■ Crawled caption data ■
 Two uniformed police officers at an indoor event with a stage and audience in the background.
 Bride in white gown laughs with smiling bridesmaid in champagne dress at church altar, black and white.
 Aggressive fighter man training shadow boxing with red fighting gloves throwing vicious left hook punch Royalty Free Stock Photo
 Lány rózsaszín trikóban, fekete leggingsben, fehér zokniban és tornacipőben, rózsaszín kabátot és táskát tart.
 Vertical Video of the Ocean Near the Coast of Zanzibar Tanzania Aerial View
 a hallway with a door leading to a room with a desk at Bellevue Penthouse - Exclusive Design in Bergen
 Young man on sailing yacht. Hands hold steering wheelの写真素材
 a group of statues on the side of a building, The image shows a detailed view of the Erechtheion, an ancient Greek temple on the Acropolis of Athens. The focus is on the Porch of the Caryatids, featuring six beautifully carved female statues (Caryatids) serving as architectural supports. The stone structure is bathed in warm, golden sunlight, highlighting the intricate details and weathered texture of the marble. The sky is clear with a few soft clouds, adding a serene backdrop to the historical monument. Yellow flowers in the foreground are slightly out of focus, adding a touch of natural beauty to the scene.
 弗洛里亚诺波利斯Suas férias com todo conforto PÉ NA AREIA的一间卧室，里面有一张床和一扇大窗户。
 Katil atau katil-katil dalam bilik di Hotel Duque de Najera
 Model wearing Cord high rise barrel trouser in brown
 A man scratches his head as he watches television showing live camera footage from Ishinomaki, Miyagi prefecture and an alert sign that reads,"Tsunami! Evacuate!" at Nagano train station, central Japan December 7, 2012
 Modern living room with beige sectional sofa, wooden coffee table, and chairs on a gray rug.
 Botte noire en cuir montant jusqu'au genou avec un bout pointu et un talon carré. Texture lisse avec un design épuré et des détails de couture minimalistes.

■ ASSIGNMENT ■
Lines from the one containing "Modern living room" through the last line of the records, restated word for word: that is the whole response.

■ SOLUTION TO THIS PROBLEM ■
 Modern living room with beige sectional sofa, wooden coffee table, and chairs on a gray rug.
 Botte noire en cuir montant jusqu'au genou avec un bout pointu et un talon carré. Texture lisse avec un design épuré et des détails de couture minimalistes.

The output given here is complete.